The British Insurance Brokers Association says that auto-renewal offers a safety net for home insurers too, pointing out: “It ensures that customers are not breaching any lending agreement that may require them to have buildings insurance in place.”
Sensible consumers will shop around for cheaper cover when their policy comes to an end but many have found that switching isn’t as easy as it should be.
While you could buy cover with a couple of clicks, many insurers make customers ring up to escape.
According to Defaqto, 161 out of 296 comprehensive car insurance policies allowed you to buy online - but, shockingly, only 52 stated they would let you change or renew policies online.
Your opt-out options
Some work’s been done already to make auto-renewal more transparent to customers.
A Biba spokesman said: “The customer is told about auto-renewal and given the option to opt-out if they do not want it. The FCA looked at this a few years ago and in response the industry provides customers with greater notice periods and more transparency.”
It’s true many insurers do offer the opportunity to opt-out of auto-renewal when you buy. An LV= spokesperson, says: “The vast majority of our customers pay for their insurance online in full and are presented with an auto-renewal opt-out box on the payment screen.”
Are customers phone-phobic?
But if you don’t opt-out at the start then you will need to contact the insurer’s call centres to do so during their cover period.
A Direct Line spokeperson told us that: “A renewal invite is sent at least 21 days prior to the policy start date, giving customers plenty of time to shop around if they wish to.”
Aviva customers also get their policy renewal three or four weeks before their insurance cover ends. Adam Beckett, propositions director at the Aviva said: “For those who have chosen to auto-renew, it is clearly stated in the documents that the policy will continue and they have the option to contact us if they want to make any changes or cancel.”

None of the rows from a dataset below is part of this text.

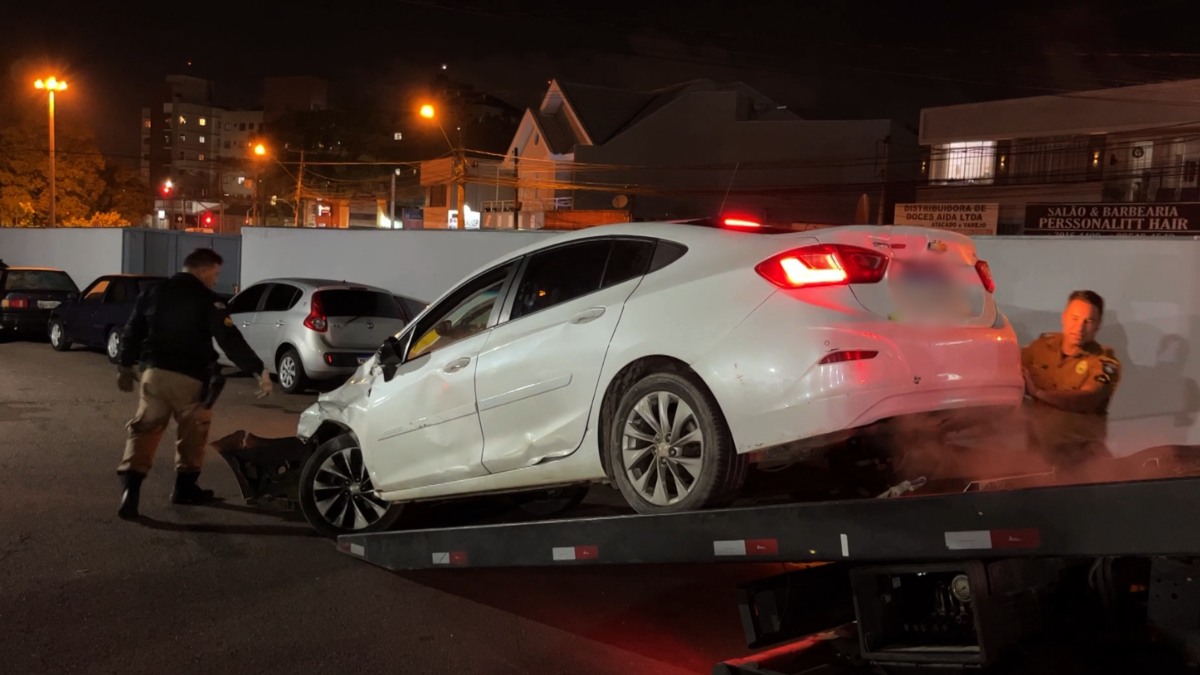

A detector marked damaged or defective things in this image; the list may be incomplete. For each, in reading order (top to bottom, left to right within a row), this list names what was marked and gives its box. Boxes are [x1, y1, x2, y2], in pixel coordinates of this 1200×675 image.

crumpled front bumper [213, 427, 312, 506]
white damaged sedan [290, 220, 1022, 535]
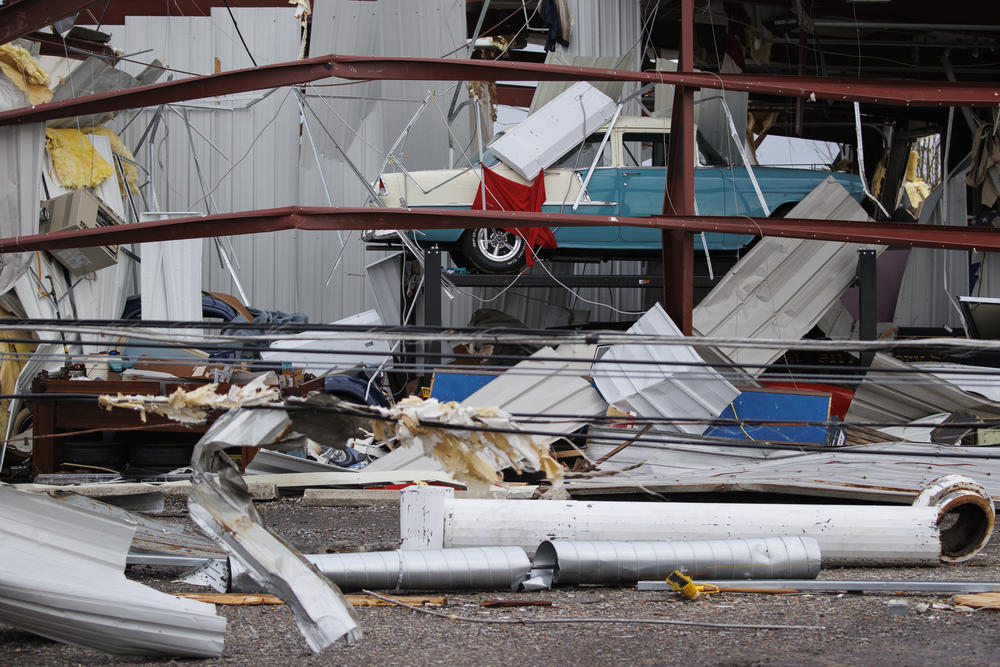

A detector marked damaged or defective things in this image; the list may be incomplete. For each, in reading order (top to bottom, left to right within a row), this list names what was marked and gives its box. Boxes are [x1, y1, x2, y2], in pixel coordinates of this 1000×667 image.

crumpled metal sheet [0, 482, 225, 660]
crumpled metal sheet [188, 408, 360, 652]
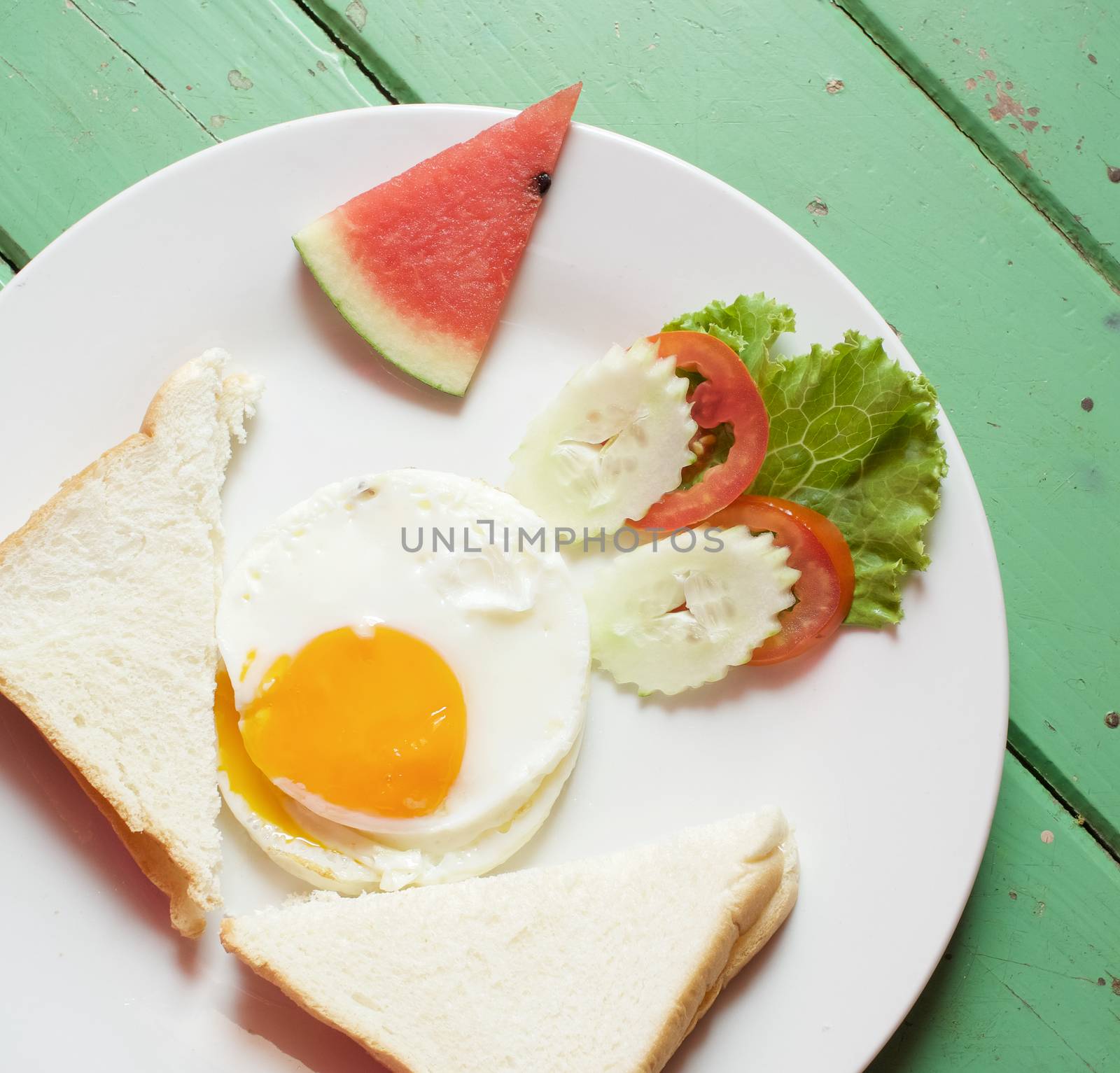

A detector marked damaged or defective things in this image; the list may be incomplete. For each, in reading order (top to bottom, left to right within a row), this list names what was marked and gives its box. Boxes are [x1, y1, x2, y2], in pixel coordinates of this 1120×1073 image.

chipped green paint [837, 0, 1120, 291]
chipped green paint [311, 0, 1120, 855]
chipped green paint [874, 757, 1120, 1073]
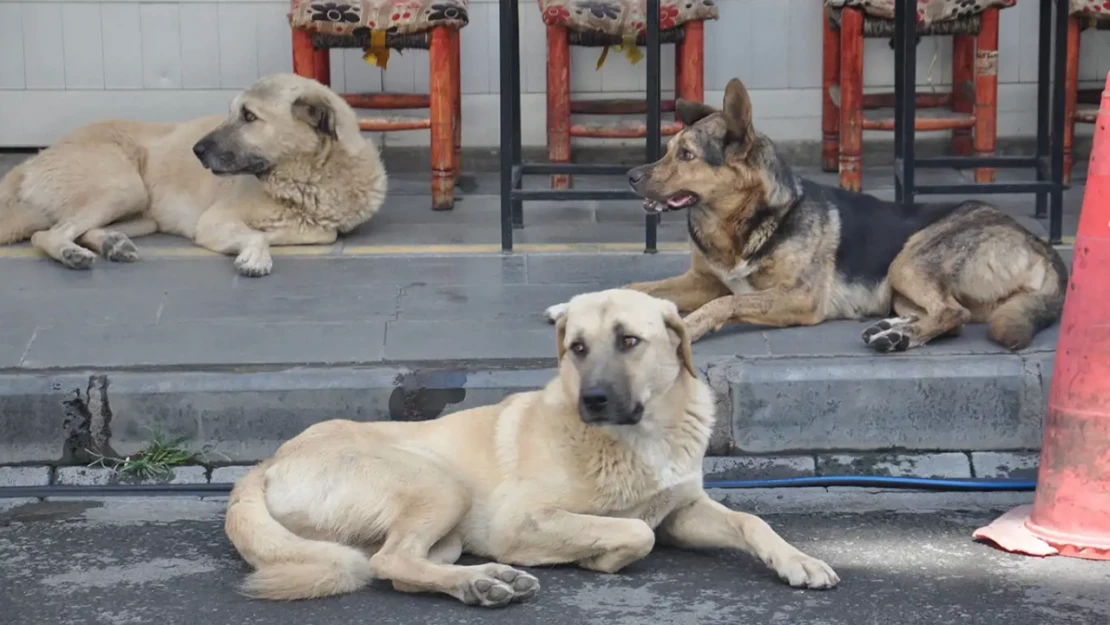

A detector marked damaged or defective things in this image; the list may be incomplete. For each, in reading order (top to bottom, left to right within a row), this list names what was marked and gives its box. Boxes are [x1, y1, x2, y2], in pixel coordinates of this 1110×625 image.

cracked concrete edge [0, 359, 1038, 466]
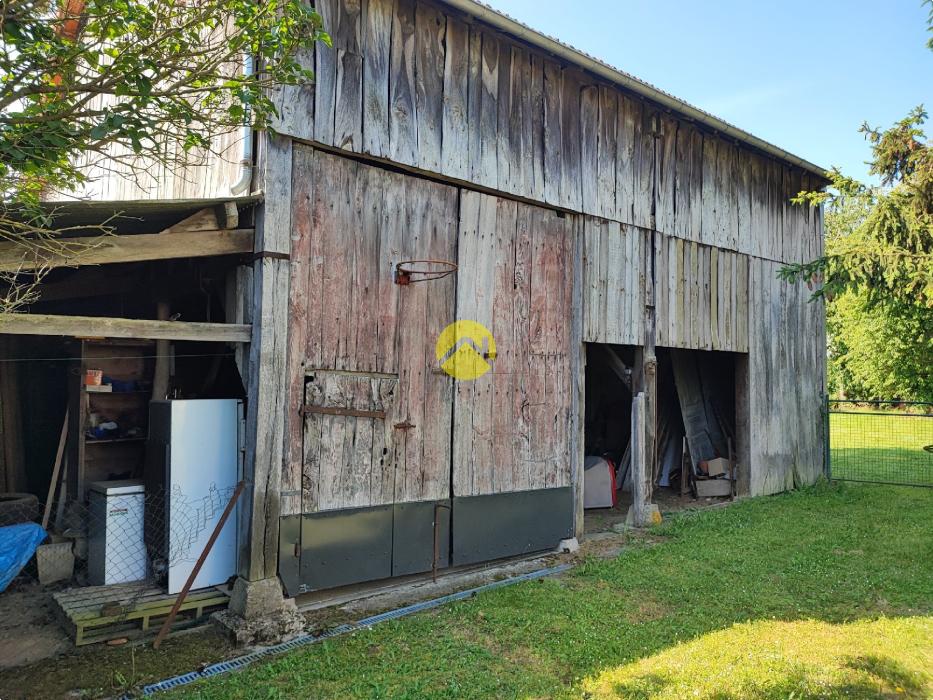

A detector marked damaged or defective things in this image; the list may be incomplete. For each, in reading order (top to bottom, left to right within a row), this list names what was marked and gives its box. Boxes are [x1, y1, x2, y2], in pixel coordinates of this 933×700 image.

rusted basketball hoop rim [394, 258, 458, 286]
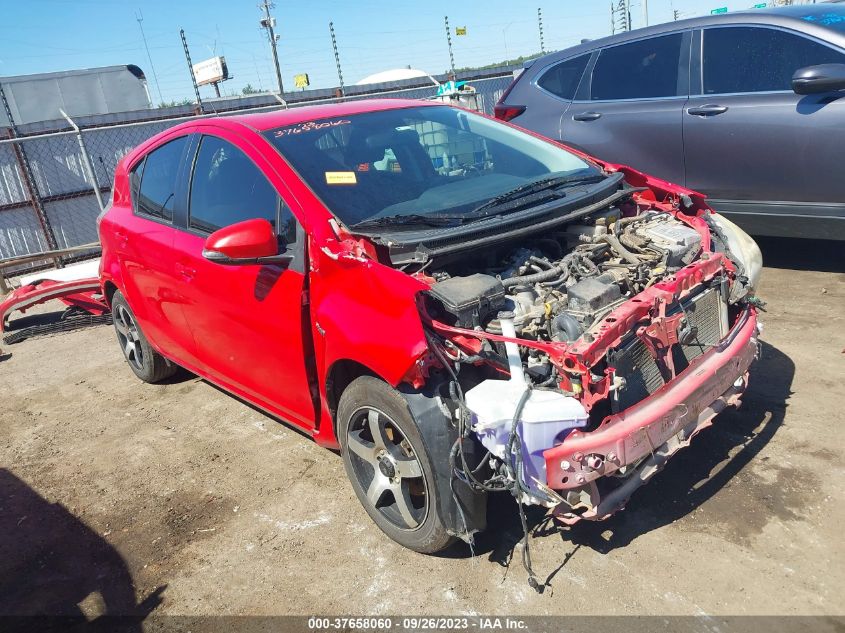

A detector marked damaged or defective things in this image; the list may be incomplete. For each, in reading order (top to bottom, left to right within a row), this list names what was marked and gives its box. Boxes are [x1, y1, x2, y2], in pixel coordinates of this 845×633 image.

damaged red hatchback [100, 100, 764, 552]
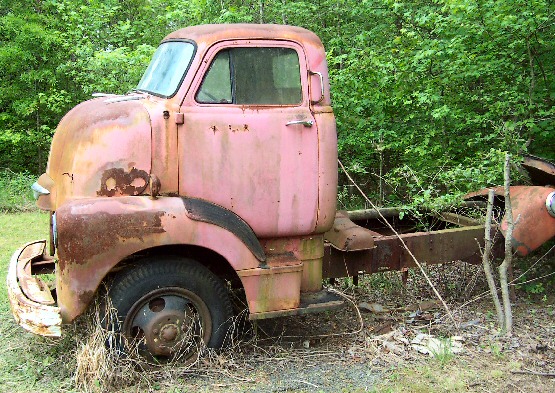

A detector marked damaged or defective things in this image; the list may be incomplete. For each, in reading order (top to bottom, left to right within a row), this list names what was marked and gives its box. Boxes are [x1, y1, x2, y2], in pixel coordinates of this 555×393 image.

rust patch [97, 167, 150, 196]
rusted metal panel [326, 211, 378, 251]
rusted metal panel [322, 224, 500, 278]
rusted metal panel [6, 239, 62, 336]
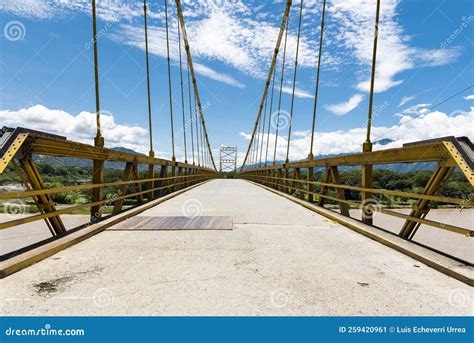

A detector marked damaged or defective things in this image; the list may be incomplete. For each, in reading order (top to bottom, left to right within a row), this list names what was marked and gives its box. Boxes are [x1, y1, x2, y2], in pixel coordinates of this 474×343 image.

rusty metal plate [108, 216, 233, 232]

That reminder should be a wake-up call to research the market, but as GoCompare’s research shows, many don’t, with 31% simply assuming their insurance will be the cheapest each year.
The fear is that by being forced to call to get out of auto-renewal, customers face sales pressure to buy again with their existing insurer.
Of course, that can be an opportunity to negotiate down the price.
Plenty of consumers that have rang up their insurer to switch because they’ve found a better deal, discover their existing company is prepared to match the lower premium.
But that relies on them calling up in the first place - something that it seems consumers lack the motivation or time to do.
Help, I’ve auto-renewed by mistake!
But even if you do find yourself being auto-renewed at a higher cost than you reckon your cover should be, there’s a get-out clause, but you’ll need to act quickly.
Policies can be cancelled within a 14-day statutory cooling off period – but be aware there may still be an administration fee or a pro-rata charge for days you’ve had cover.
If you do end up paying more for cover because of auto-renewal, you could try complaining directly to your insurer in the first instance.
If you’re unhappy with its response after eight weeks, you’re entitled to take your case to the Financial Ombudsman.
The Ombudsman regularly receives cases about auto-renewal but says it’s unlikely to find against insurers if they’ve followed the rules.
It reports: “If we find that a policy was set up to be automatically renewed, we’ll make sure that the insurer made this clear - for example, in the policy documents or any discussions they had - when their customer took out the policy.”
In other words you’ll need to be able to prove that your insurer didn’t tell you about auto-renewal.
The bottom line is it should be as easy to cancel a policy and halt auto-renewal as it is to buy it, and there are signs of change in the industry, with Aviva saying that online cancellation “is something we are considering for the future.”
But for now, if you don’t opt-out when you buy a policy, which most insurers allow, then you’ll have to stick to the policy agreement.
If that says you need to phone to cancel auto-renewal then an email won't be acceptable under the insurer’s terms and conditions.
So compare prices in advance then use that bothersome annual call to negotiate a better deal.
And if they won’t play ball, don’t be afraid to make the switch.